RealNVP is a normalizing flow based on coupling transformations. Unlike autoregressive flows, RealNVP can compute both forward and inverse transformations in parallel, making it very fast for both training and sampling.
RealNVP is an alias for NICE with affine transformations. The two classes are equivalent.

Reference

Density estimation using Real NVP (Dinh et al., 2016)
https://arxiv.org/abs/1605.08803

Class Definition

zuko.flows.RealNVP(
    features: int,
    context: int = 0,
    transforms: int = 3,
    randmask: bool = False,
    **kwargs
)

Parameters

features
int
required
The number of features in the data. Must be at least 2 for coupling to work.
context
int
default:"0"
The number of context features for conditional density estimation.
transforms
int
default:"3"
The number of coupling transformations to stack.
randmask
bool
default:"False"
Whether random coupling masks are used. If False, alternating checkered masks are used.
**kwargs
dict
Additional keyword arguments passed to GeneralCouplingTransform:
  • hidden_features: List of hidden layer sizes (default: [64, 64])
  • activation: Activation function (default: ReLU)
  • univariate: Univariate transformation constructor (default: MonotonicAffineTransform)

Usage Example

import torch
import zuko

# Create an unconditional RealNVP
flow = zuko.flows.RealNVP(
    features=10,
    transforms=5,
    hidden_features=[128, 128]
)

# Sample from the flow (fast!)
dist = flow()
samples = dist.sample((1000,))
print(samples.shape)  # torch.Size([1000, 10])

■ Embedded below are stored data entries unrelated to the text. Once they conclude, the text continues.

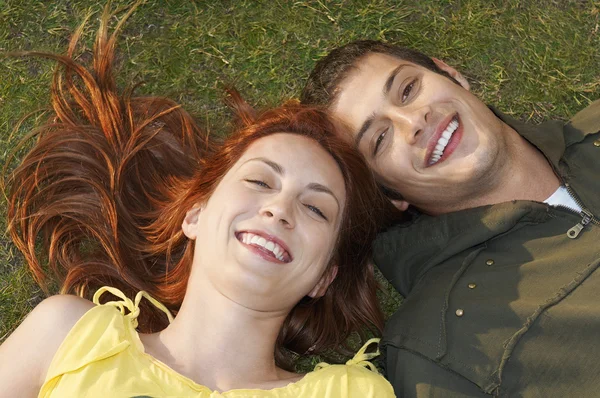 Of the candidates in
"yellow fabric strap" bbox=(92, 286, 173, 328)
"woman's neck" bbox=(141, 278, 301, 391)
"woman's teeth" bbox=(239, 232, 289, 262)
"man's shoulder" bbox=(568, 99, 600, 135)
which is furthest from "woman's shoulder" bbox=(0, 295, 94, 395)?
"man's shoulder" bbox=(568, 99, 600, 135)

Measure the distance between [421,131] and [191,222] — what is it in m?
1.25

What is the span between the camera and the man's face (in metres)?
3.96

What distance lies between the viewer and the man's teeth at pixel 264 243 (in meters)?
3.47

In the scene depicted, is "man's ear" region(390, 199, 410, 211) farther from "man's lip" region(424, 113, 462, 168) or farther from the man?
"man's lip" region(424, 113, 462, 168)

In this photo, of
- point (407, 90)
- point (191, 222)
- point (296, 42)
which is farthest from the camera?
point (296, 42)

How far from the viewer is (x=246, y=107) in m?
4.52

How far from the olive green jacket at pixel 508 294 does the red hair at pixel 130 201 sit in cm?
35

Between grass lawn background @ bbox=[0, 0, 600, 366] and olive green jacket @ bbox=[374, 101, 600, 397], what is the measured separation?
26.7 inches

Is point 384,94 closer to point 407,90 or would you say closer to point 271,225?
point 407,90

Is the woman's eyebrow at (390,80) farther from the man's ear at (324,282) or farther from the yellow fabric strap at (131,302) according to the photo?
the yellow fabric strap at (131,302)

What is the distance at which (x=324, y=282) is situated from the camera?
400cm

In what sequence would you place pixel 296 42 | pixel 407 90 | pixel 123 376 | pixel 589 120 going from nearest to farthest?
pixel 123 376
pixel 407 90
pixel 589 120
pixel 296 42

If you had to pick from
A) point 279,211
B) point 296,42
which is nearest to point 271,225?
point 279,211

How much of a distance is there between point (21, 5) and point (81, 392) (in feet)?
8.38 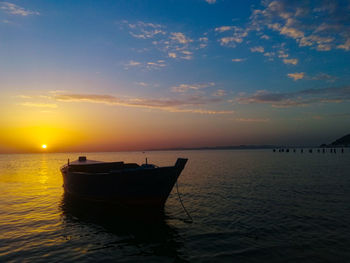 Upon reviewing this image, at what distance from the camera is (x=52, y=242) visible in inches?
436

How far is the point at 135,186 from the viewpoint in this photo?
15742mm

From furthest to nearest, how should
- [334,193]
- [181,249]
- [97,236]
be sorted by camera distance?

# Compute log probabilities
log_prob = dist.log_prob(samples)
print(log_prob.shape)  # torch.Size([1000])

Conditional Flow

# Create a conditional RealNVP
flow = zuko.flows.RealNVP(
    features=5,
    context=3,
    transforms=4
)

# Sample conditioned on context
context = torch.randn(3)
dist = flow(context)
samples = dist.sample((100,))

Training Example

import torch.optim as optim

flow = zuko.flows.RealNVP(
    features=8,
    transforms=5,
    hidden_features=[256, 256]
)

optimizer = optim.Adam(flow.parameters(), lr=1e-3)

for epoch in range(100):
    for x in dataloader:
        optimizer.zero_grad()
        
        # Maximum likelihood training
        loss = -flow().log_prob(x).mean()
        
        loss.backward()
        optimizer.step()

Random Masks

# Use random masks instead of alternating
flow = zuko.flows.RealNVP(
    features=20,
    transforms=5,
    randmask=True  # Better mixing for structured data
)

Methods

forward(c=None)

Returns a normalizing flow distribution. Arguments:
  • c (Tensor, optional): Context tensor of shape (*, context)
Returns:
  • NormalizingFlow: A distribution with the following methods:
    • sample(shape): Sample from the distribution (fast, parallel)
    • log_prob(x): Compute log probability (fast, parallel)
    • rsample(shape): Reparameterized sampling

When to Use RealNVP

Good for:
  • Real-time generation and sampling
  • Large-scale datasets (fast training)
  • Applications requiring bidirectional speed
  • Image generation (with spatial coupling)
Consider alternatives if:
  • You need maximum expressivity (use NSF or NAF)
  • You have very complex, multimodal distributions
  • Features are highly correlated in complex ways

Tips

  1. More transformations: Since each layer only transforms half the features, use more transformations (5-10) compared to autoregressive flows.
  2. Random masks: Set randmask=True when your features have inherent structure or ordering.
  3. Deeper networks: Coupling layers have less capacity, so use larger hidden layers [256, 256] or [512, 512].
  4. Preprocessing: Combine with activation normalization or batch normalization for better performance.

Architecture Details

RealNVP uses coupling transformations:
  • Base distribution: Diagonal Gaussian N(0, I)
  • Coupling mechanism: Split features into two groups using a binary mask
  • Transformation: First group unchanged, second group transformed based on first
  • Neural network: Standard MLP (no masking needed)
Each coupling layer:
# Binary mask splits features
y_a = x_a  # First half unchanged
y_b = x_b * exp(s(x_a, c)) + t(x_a, c)  # Second half transformed
where s and t are neural networks, and c is optional context.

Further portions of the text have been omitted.